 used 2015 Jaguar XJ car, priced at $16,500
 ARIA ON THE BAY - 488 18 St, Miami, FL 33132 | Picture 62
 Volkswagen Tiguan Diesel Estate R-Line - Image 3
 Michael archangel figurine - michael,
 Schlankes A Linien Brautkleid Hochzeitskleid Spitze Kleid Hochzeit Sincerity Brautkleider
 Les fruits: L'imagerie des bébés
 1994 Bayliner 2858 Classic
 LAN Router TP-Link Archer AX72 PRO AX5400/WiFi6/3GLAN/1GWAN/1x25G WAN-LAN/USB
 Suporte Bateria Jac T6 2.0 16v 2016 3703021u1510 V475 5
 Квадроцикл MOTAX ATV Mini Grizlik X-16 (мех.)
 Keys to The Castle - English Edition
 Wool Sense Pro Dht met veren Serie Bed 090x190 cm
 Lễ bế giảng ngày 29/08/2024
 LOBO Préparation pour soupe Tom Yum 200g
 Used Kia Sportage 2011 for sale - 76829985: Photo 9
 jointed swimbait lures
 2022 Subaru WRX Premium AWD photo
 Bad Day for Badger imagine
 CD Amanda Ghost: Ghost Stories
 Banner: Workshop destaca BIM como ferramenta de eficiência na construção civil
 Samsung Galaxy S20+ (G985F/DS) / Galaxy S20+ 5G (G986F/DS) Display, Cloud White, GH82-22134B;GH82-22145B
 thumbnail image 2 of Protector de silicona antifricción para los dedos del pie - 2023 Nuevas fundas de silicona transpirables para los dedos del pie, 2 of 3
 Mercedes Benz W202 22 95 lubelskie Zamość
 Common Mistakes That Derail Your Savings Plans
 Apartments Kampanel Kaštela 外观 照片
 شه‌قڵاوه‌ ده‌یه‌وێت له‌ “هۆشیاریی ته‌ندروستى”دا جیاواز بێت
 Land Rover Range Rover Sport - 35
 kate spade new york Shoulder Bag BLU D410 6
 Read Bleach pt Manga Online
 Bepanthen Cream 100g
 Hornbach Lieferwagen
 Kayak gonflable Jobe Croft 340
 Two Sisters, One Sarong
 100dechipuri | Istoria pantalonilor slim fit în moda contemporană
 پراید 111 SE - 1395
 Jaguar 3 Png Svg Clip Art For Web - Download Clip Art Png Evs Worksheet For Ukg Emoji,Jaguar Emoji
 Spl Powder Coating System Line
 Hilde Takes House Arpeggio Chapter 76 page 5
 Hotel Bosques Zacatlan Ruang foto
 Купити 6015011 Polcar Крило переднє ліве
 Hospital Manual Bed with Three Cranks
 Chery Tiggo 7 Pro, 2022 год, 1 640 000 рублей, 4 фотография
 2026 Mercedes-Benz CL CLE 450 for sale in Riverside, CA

#####

WORK REQUEST:
From the entries above, print the lines beginning at the one with "1994 Bayliner 2858 Classic" and stopping after the one with "Used Kia Sportage", exactly as written and with nothing else.

ANSWER TO THE EXERCISE:
 1994 Bayliner 2858 Classic
 LAN Router TP-Link Archer AX72 PRO AX5400/WiFi6/3GLAN/1GWAN/1x25G WAN-LAN/USB
 Suporte Bateria Jac T6 2.0 16v 2016 3703021u1510 V475 5
 Квадроцикл MOTAX ATV Mini Grizlik X-16 (мех.)
 Keys to The Castle - English Edition
 Wool Sense Pro Dht met veren Serie Bed 090x190 cm
 Lễ bế giảng ngày 29/08/2024
 LOBO Préparation pour soupe Tom Yum 200g
 Used Kia Sportage 2011 for sale - 76829985: Photo 9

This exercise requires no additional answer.